The various medications used to treat urinary incontinence include:

  • Alpha-blockers
  • Mirabegron
  • Anticholinergics
  • Topical estrogen
  • Electrical stimulation

In addition, medical devices like urethral inserts, pessary, and vagina inserts can be used with the medications above.

Other doctors can recommend interventional therapies like bulking materials injections, OnabotulinumtoxinA, Nerve stimulators, etc.

3. Surgery

Surgery is often the last option when all others have failed. Your doctor may recommend a simple or a more complex surgery depending on the procedural option available, symptoms, the type of incontinence, and other medications.

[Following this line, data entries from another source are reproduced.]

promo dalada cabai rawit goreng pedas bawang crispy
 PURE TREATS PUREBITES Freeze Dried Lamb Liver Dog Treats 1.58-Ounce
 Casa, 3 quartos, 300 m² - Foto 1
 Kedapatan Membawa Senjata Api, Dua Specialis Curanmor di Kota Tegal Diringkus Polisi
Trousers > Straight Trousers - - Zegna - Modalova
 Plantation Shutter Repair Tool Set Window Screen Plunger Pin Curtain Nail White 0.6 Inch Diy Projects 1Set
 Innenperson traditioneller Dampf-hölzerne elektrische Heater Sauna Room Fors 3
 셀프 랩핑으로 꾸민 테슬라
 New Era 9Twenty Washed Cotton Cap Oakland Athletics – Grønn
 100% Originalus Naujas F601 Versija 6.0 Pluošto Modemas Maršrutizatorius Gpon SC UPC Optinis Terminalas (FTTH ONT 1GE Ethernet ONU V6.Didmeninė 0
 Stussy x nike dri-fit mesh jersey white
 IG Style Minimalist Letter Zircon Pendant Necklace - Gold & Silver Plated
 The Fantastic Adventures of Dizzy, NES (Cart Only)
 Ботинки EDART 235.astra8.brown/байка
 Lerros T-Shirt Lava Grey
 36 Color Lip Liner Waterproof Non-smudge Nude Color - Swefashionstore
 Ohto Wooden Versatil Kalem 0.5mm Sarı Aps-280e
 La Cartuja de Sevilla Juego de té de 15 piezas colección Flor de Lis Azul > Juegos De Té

The various surgery procedures available for incontinence include:

  • Sling procedures
  • Bladder neck suspension
  • Artificial urinary sphincter
  • Prolapse surgery

4. Absorbent Pads

In case your incontinence issue doesn’t get easier after all the babble options, consider absorbent products like adult pull-on diapers. They help in promoting comfort and convenience when urine leaks. The good thing is that they are simple, comfortable to stay in, and unnoticeable.

A catheter is another typical absorbent tube you may want to use, especially if the incontinence is caused by the bladder not emptying. Ideally, put this tube in the ureter to drain the bladder and repeat the process after a thorough cleaning.

Conclusion

Starting medication is easier when you know what urinary incontinence is, its signs, and the diagnosis procedures. Urinary incontinence shouldn’t be a death sentence or an issue that can limit your involvement in your daily routines. With a clearer picture, you can better manage the condition or care for your loved ones.

Remember, an adult pull-on diaper could be all you need to manage incontinence problems following its absorbency, wetness indicator, comfort, and flexibility.